The solution goes like this: Let S be the minimum vertex cut, $|S|=\kappa \left(G\right)$. Since $\kappa \left(G\right)\le {\kappa }^{\prime }\left(G\right)$ always, we need only provide an edge cut of size |S|. Let ${H}_{1}$ and ${H}_{2}$ be two components of G-S. Since S is a minimum vertex cut, each $v\in S$ has a neighbor in ${H}_{1}$ and a neighbor in ${H}_{2}$. The solution conntinues from here...I really have no clue why the part "Since S is a minimum vertex cut, each $v\in S$ has a neighbor in ${H}_{1}$ and a neighbor in ${H}_{2}$." is true.

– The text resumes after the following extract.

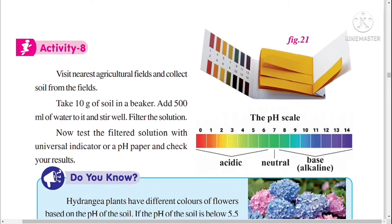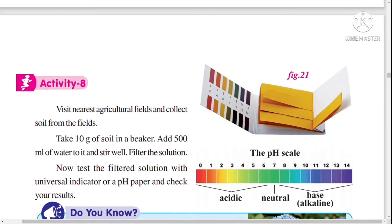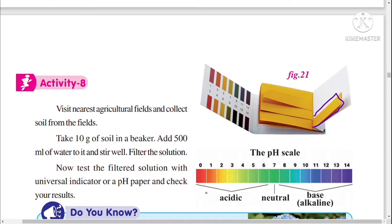This is the pH scale. pH strips look like this — the paper is yellow in color. This is a pH strip. When we keep this paper in any acid solution or base solution, it will turn into a different color. The change of color decides whether it is an acid or a base.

I tried to show it by contradiction but haven't gotten very far: Suppose otherwise; then there exists a vertex $v\in S$ which doesn't have a neighbor in ${H}_{1}$. We can assume that G is connected, hence there is a path joining v with $u\in V\left({H}_{1}\right)$... and I'm stuck. How do I proceed from here? Or should I try to prove this in a completely different way?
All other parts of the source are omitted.